OT:RR:CTF:VS W563614 HEF

CATEGORY: VALUATION

Port Director
U.S. Customs and Border Protection
6601 Northwest 25th Street
Room 272
Miami, Florida 33122

RE: Application for Further Review (“AFR”) of Protest No. 5201-05-100407; transaction value of imported merchandise; bona fide sale for export to the United States; related parties

Dear Port Director:

This is in reply to an application for further review (“AFR”) of Protest No. 5201-05-100407, dated November 9, 2005, timely filed by protestant and importer of record, General Electric Energy Parts, Inc. (“GEEPI”), concerning the valuation of two entries for a shroud set and gas turbine part.

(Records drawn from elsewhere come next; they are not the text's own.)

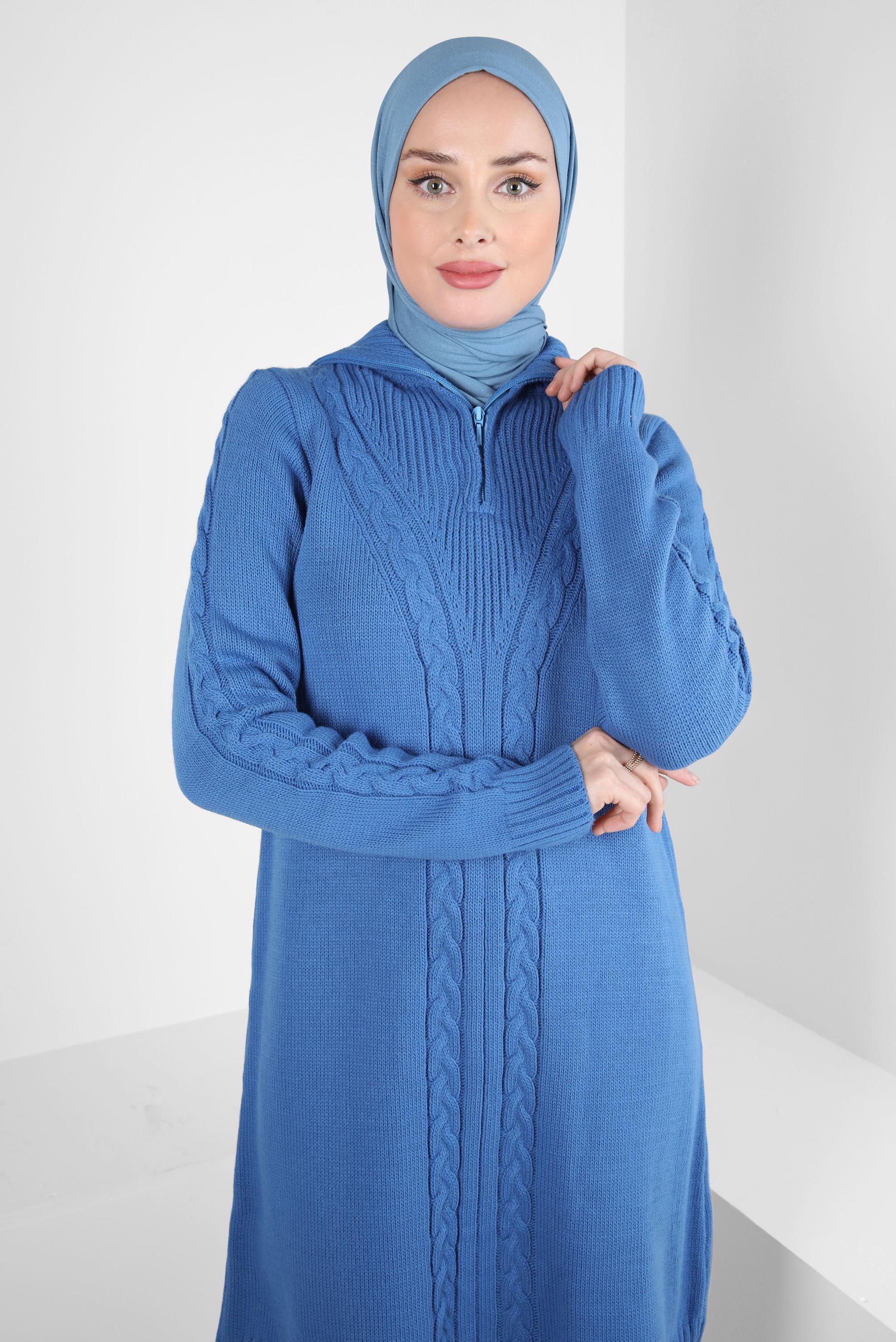 Tesettür giyim LACİVERT FERMUARLI YAKA TRİKO TUNİK 44064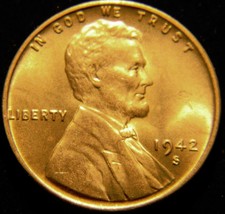1942-S Red Lincoln Wheat Cent Penny, Bu, Unc, Ms, Beautiful Coin (#2)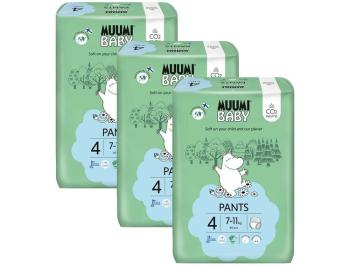 MUUMI Baby Pants 4 Maxi 7-11 kg (120 ks), mesačné balenie nohavičkových eko plienok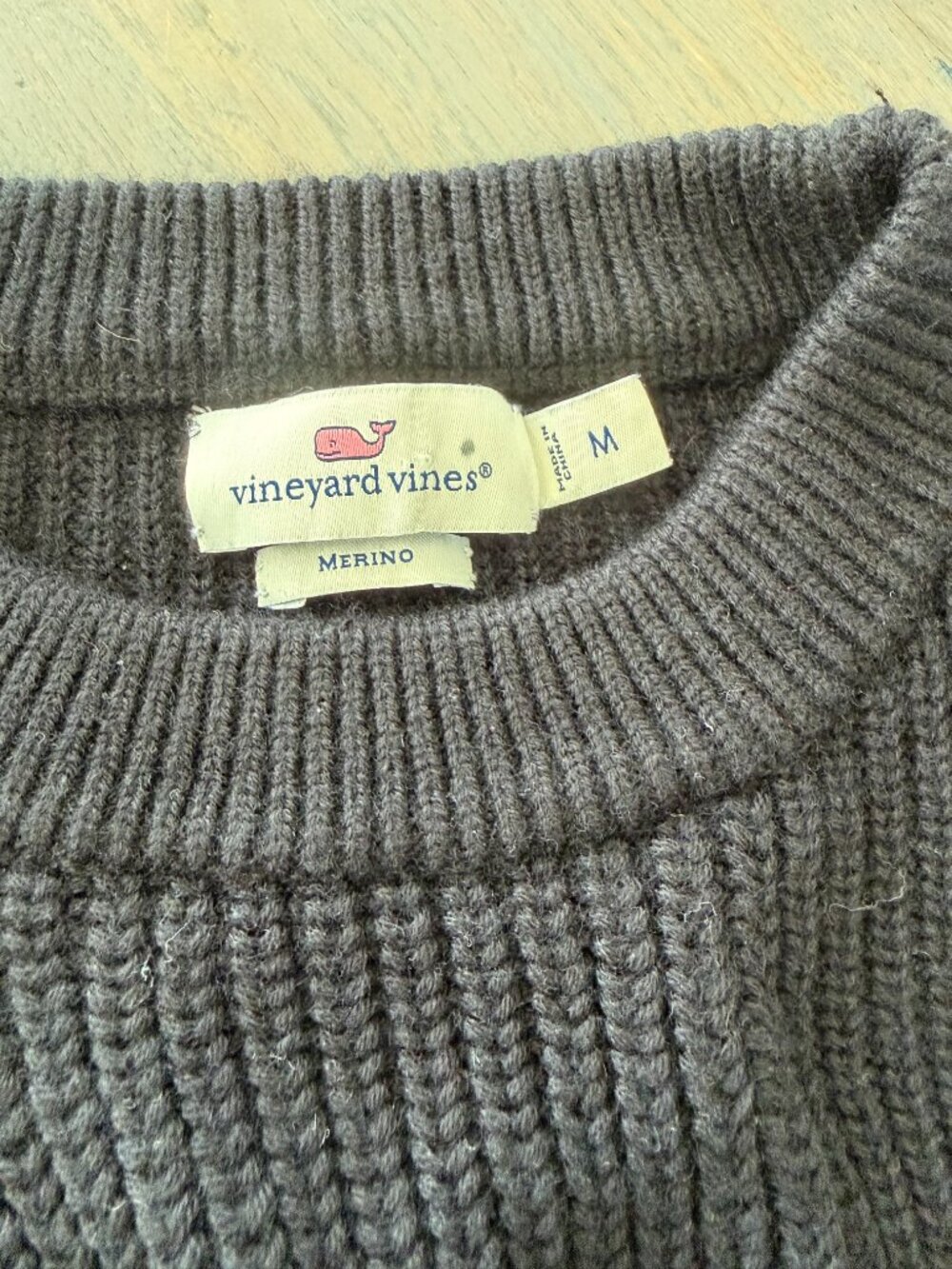 Vineyard Vines Women's Merino Wool Crewneck Cable Front Navy Sweater Size M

In connection with the protest, GEEPI submitted a spreadsheet entitled “Summary of Valuation Change,” original and revised entry summaries for the entries in question, the invoices that accompanied the original entry summaries, and two invoices denoted as “correct invoices.”

FACTS:

The imported merchandise was appraised based on the values declared by GEEPI on the original entry summaries, dated October 20, 2004, and January 4, 2005. The original entry summaries list GEEPI as the importer of record. The entry summary dated October 20, 2004, is for the shroud set, and it states that the parties to the transaction are related. The entry summary also reflects that the merchandise was exported from the Netherlands and that Hungary is the country of origin of the merchandise. The entry summary dated January 4, 2005, is for the gas turbine part, and it states that the parties to the transaction are not related. The entry summary also reflects that the merchandise was exported from Italy and that Italy is the country of origin of the merchandise.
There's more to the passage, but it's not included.